Pour clôturer cette série d’interventions, le ministre de l’Agriculture, de l’Eau, de la Pêche, de l’Elevage et des Ressources Halieutiques, a  mis en exergue l’importance du partage et du dialogue.  «L’arbre à palabres est de tradition en Afrique. Le partage d’information et le partage d’expérience constituent la clé de voûte de la réussite», a-t-il pfrecisé.   M. Mohamed Ahmed Awaleh a indiqué  que la mission de l’AAE est de remédier au  problème d’alimentation en eau potable qu’engendrera l’augmentation de la population du continent africain qui selon lui doublera d’ici 2050. «L’Afrique va doubler sa population, on sera au alentour de 2 milliards d’habitants et le paradoxe, ces populations vont s’entasser dans les villes et les transformer en mégalopoles», a-t-il martelé avec insistance.

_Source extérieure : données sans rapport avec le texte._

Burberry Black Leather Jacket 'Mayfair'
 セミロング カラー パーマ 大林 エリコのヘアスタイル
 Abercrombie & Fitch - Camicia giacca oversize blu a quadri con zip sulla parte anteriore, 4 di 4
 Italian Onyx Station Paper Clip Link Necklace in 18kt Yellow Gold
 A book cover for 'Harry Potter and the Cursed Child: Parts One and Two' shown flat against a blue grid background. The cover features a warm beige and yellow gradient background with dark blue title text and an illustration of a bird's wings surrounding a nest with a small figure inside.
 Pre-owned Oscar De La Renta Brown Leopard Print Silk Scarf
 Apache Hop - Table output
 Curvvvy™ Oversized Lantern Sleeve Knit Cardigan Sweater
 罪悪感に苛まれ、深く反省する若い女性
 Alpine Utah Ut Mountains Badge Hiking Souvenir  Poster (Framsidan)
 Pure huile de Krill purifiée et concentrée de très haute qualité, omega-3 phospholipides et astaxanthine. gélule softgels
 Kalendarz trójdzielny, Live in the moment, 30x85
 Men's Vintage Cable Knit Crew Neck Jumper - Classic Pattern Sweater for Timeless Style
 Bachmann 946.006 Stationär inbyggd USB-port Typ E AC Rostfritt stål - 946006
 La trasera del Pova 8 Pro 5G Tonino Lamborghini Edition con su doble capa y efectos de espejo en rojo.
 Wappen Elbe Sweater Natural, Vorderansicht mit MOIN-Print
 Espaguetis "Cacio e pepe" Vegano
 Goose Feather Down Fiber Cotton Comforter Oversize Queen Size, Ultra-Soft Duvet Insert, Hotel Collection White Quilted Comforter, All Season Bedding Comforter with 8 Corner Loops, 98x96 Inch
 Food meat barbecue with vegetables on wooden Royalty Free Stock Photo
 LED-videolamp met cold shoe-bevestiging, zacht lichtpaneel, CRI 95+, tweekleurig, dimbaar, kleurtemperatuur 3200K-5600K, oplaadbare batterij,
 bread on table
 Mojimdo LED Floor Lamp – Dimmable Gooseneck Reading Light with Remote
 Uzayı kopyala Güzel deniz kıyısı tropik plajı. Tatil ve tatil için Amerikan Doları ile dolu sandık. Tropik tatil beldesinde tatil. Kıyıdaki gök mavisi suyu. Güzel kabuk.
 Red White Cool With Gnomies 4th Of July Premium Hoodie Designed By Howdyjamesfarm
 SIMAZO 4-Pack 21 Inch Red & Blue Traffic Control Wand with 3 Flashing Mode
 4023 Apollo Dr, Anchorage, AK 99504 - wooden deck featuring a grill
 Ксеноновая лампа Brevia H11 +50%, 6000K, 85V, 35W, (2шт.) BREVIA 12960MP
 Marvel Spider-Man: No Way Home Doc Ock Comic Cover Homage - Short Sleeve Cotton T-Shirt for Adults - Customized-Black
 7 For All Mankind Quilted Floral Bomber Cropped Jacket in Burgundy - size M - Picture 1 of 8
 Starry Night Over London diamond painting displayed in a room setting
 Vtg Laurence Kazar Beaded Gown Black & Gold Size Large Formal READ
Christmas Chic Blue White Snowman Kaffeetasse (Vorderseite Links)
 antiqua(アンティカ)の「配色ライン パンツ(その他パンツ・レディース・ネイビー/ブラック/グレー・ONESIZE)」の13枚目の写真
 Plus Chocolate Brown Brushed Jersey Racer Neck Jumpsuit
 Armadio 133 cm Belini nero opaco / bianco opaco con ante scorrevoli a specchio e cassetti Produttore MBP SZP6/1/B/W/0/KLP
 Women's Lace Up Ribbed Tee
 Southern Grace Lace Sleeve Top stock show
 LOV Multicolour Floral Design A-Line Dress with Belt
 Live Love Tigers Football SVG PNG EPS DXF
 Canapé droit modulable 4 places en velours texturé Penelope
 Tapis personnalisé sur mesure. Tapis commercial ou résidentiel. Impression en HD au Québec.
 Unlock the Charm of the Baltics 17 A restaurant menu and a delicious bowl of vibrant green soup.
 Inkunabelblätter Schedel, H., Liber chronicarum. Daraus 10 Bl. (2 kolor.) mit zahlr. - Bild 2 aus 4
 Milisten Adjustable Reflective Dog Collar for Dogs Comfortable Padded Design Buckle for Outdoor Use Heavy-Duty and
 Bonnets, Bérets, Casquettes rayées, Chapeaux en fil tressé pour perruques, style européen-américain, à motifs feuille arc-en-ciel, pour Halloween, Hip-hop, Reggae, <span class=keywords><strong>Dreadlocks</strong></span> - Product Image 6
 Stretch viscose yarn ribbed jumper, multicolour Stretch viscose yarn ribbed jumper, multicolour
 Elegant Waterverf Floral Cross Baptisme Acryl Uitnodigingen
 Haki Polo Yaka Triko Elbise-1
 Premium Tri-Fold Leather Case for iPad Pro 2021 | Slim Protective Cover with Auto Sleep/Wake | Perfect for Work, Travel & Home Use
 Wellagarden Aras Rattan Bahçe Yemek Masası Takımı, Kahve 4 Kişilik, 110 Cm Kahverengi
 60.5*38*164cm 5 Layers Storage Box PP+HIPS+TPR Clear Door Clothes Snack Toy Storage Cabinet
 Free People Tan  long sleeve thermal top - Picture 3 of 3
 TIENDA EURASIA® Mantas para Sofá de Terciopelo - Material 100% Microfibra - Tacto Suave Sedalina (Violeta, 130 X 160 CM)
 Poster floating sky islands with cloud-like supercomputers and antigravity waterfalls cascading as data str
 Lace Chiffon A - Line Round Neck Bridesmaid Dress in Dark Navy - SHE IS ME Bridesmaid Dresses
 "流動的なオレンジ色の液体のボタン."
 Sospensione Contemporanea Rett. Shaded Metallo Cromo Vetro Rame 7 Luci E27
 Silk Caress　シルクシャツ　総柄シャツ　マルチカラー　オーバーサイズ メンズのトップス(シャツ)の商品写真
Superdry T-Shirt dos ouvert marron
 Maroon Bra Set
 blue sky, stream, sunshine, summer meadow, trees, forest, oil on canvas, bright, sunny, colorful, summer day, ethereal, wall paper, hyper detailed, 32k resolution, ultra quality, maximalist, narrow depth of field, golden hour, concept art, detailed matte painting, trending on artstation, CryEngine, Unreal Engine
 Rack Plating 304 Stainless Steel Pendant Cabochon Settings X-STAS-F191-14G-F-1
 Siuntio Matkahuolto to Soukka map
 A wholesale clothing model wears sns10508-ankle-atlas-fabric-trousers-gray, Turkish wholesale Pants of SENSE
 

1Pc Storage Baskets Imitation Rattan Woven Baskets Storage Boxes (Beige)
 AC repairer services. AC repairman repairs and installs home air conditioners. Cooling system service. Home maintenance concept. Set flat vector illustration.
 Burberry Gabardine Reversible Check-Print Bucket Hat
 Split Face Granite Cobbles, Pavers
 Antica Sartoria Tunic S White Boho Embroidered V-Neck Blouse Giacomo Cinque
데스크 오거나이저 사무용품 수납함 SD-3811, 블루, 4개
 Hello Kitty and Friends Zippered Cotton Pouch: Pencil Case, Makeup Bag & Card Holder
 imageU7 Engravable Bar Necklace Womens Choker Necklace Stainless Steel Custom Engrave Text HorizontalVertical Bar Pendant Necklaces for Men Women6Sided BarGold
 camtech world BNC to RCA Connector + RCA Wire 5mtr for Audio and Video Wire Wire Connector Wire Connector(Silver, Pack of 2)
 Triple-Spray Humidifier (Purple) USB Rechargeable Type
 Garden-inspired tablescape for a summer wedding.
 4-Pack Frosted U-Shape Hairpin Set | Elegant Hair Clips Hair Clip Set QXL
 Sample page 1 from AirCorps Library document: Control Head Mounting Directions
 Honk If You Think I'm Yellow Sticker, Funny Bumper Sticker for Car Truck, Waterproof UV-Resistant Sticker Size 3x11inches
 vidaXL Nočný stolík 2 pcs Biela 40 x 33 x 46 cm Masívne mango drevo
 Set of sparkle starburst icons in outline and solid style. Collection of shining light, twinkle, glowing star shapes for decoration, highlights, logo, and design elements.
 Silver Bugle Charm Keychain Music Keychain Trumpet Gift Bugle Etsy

Avant de déclarer cette conférence ouverte, il a fait part à la délégation de l’AAE des innovations technologiques réalisées à Djibouti pour résoudre le problème d’assainissement qui existait dans le quartier de Hayabley de la commune de Balbala de la capitale. «L’innovation peut aussi sortir de l’Afrique», a-t-il  conclu en substance.

Le ministre Mohamed Ahmed Awaleh a par la suite inauguré une exposition et a visité des stands sur lesquels des industriels et des entreprises des secteurs de l’eau et l’assainissement ont étalé leurs savoir faire.

La cérémonie d’ouverture a été suivie d’un panel de haut niveau sur le thème «Innovations technologiques au service de l’amélioration des performances et des rendements des opérateurs d’eau et d’assainissement en Afrique» Les communications et échanges ont permis aux participants de comprendre les innovations technologiques liées à l’équité dans l’approvisionnement en eau potable et de régler les problèmes d’assainissement, ainsi que les moyens techniques et managériaux mis en œuvre dans certains cas pour assurer la continuité et la durabilité du service.